The message to Ramaphosa is clear: hands off public sector workers’ jobs.
The public sector’s biggest union, the National Education, Health and Allied Workers Union (Nehawu), threatened to “fight fire with fire” against the retrenchments.
The outcry came as reports surfaced about a plan by Cabinet to retrench more than 30 000 civil servants in the next three years as a way to reduce the wage bill and to meet the Ramaphosa government’s budgetary austerity, and realise a lean administration.
According to a Mail & Guardian report, Treasury has set aside R4 billion for this financial year to kickstart the process of issuing severance packages to 30 000 staff in order to reduce the government’s salary bill by R20 billion.
“Nehawu is appalled by the mooted plan by government to lay off more than 30 000 public servants in the next three years as part of cost-cutting measures.
“As Nehawu, we will vehemently reject any job losses in the public service because of austerity measures meant to remedy the debt burden of the public service,” said Nehawu’s general secretary, Zola Saphetha.
“Workers will not continue to vote for a party that does not go out of its way to protect jobs and prioritise service delivery, hence it should not take our support for granted.”
Cosatu has entered the fray and even threatened to pull out of the jobs summit that Ramaphosa has planned later this year.
The federation, which had been part of organising a jobs summit, described the latest move as a “betrayal of the workers by the ANC government”.
“If these rumours of government retrenchments are true, then Cosatu will pull out of that job summit and will take the fight to the streets,” said Cosatu spokesperson Sizwe Pamla.
But Public Service and Administration Minister Ayanda Dlodlo denied government planned to implement mass retrenchments as reported.
Although she disputed the figures reported in the media, she did not say how many civil servants would be laid off.
“It is true that as part of a bigger plan to reorganise government, an employer-initiated severance package and early retirement without penalties, among other measures, are being considered.
“But government is yet to engage labour unions on the matter,” she said.
The restructuring instructed by Ramaphosa was meant to enhance service delivery and make the public administration more efficient. The process would not only affect government departments, but also specialised stateowned enterprises.
“Of course, the plans to reconfigure government could result in a reduced public administration and executive, and a clearly defined role of the national administration within national government, but this process will be undertaken meticulously and not in a dramatic, wholesale retrenchment of state employees,” said Dlodlo.
Saphetha said his union would not take the planned job cuts lying down.
“In this regard, we warn government not to take any impulsive decision which might badly affect workers and service delivery.
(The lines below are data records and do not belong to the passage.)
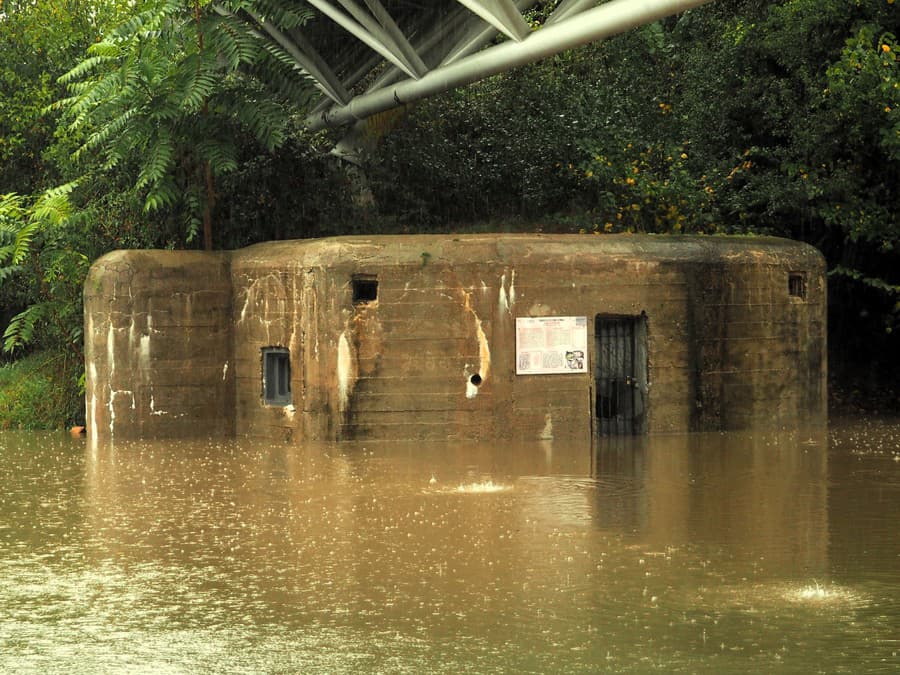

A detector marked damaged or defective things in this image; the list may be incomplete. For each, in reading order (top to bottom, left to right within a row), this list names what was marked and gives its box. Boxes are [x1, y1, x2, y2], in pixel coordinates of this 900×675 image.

rusty stain on concrete [84, 235, 828, 446] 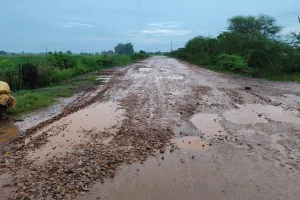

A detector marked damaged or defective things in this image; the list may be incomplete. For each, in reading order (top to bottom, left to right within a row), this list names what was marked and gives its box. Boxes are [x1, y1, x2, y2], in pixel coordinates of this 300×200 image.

damaged road [0, 56, 300, 200] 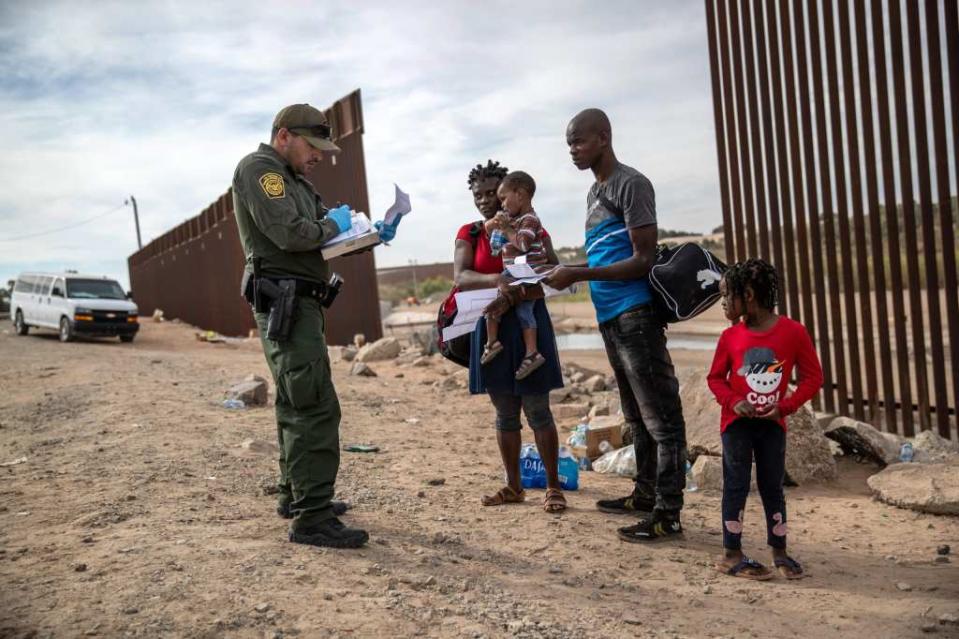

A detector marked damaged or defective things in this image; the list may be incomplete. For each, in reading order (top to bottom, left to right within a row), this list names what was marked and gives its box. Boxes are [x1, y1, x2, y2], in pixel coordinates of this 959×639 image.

rusty steel border wall [127, 90, 382, 344]
rusty steel border wall [704, 0, 959, 440] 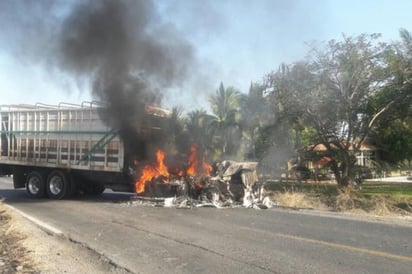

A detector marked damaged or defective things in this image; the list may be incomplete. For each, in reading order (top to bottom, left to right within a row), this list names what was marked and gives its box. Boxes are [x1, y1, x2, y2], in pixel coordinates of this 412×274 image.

burned debris pile [132, 159, 276, 209]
Working with other Cosatu public sector unions, we will seek a meeting with government to raise these issues,” Saphetha said.
Pamla said the decision would be an abandonment by the ANC of its 2014 manifesto commitment to reduce outsourcing and to enhance the state’s capacity to directly provide goods and services.
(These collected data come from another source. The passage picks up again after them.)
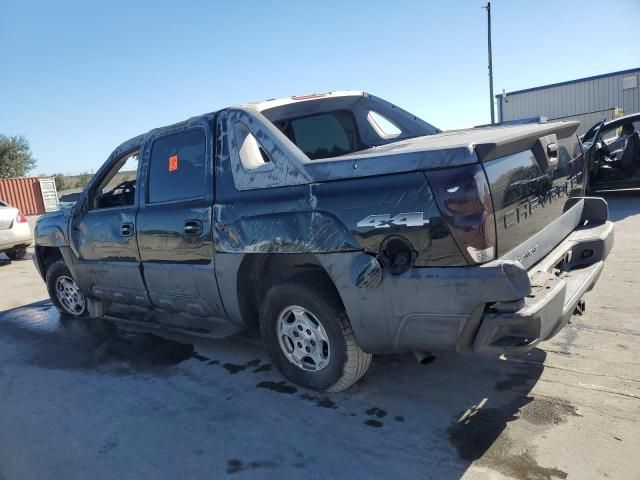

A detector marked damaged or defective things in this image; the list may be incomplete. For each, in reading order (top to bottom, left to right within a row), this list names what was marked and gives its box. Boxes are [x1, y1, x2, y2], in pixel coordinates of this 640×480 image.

damaged black truck body [35, 91, 616, 390] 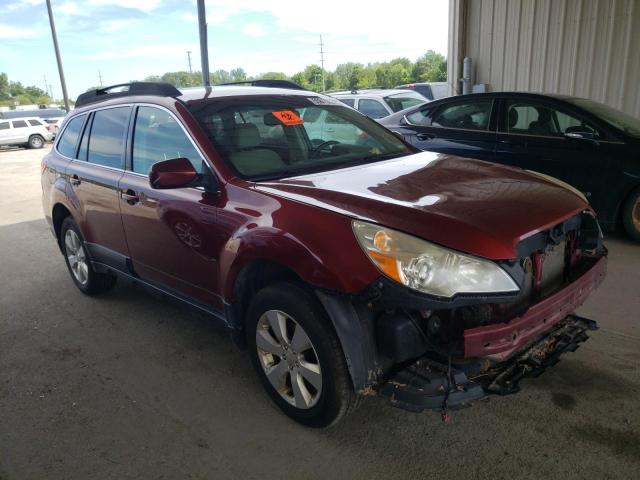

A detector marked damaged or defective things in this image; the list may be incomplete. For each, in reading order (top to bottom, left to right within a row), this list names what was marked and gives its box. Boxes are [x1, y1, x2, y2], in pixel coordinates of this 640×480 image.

damaged red station wagon [42, 82, 608, 428]
broken bumper cover [464, 255, 604, 360]
crumpled front bumper [378, 314, 596, 410]
broken bumper cover [378, 316, 596, 412] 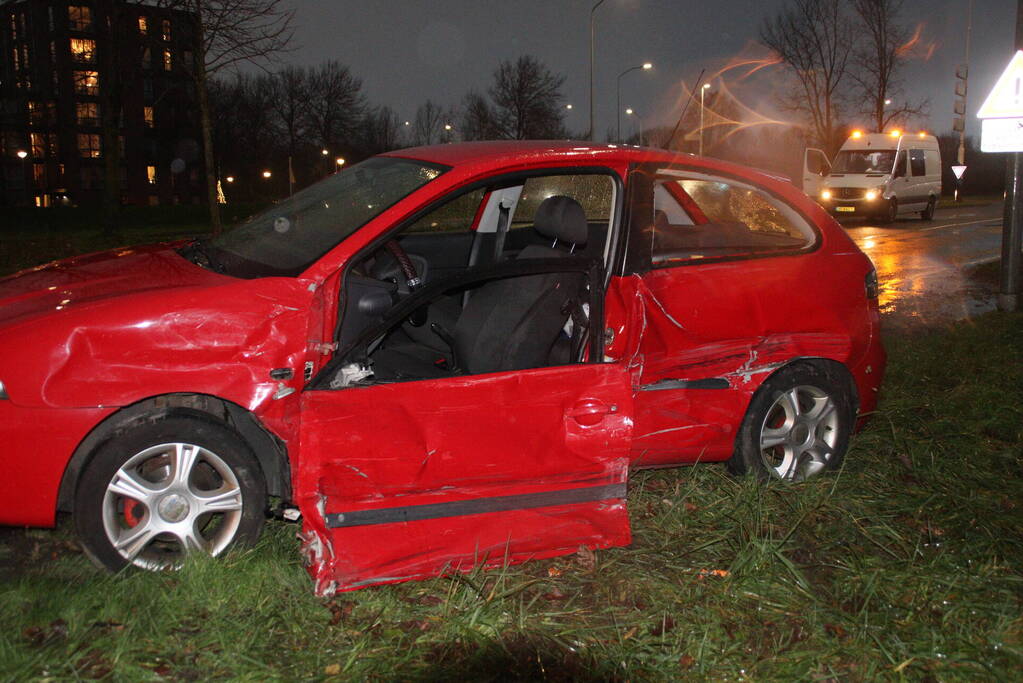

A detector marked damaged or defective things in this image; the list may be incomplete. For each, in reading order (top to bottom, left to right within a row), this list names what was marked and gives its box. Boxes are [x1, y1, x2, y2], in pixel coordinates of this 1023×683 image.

The federation has organised a two-day special central executive committee meeting on Monday to discuss the issue.
A senior civil servant, who preferred to remain anonymous, said the ANC would lose votes if the government retrenched civil servants.
“The government must deal with corruption and not retrench people. Cyril is going to lose votes for the ANC. I don’t think this will be possible while we are going to elections. I don’t think he will implement this one. It could collapse the alliance, it would be very ugly.
“Public service would come to standstill,” he said.
The SA Federation of Trade Unions (Saftu) described the plan as an “outrageous slaughter of jobs”.
The federation’s general secretary, Zwelinzima Vavi, said the decision has been taken in order to comply with the instructions of the ratings agencies, the IMF and the World Bank, “who hold a view that our public service is bloated”.
The presidency couldn’t be reached for comment.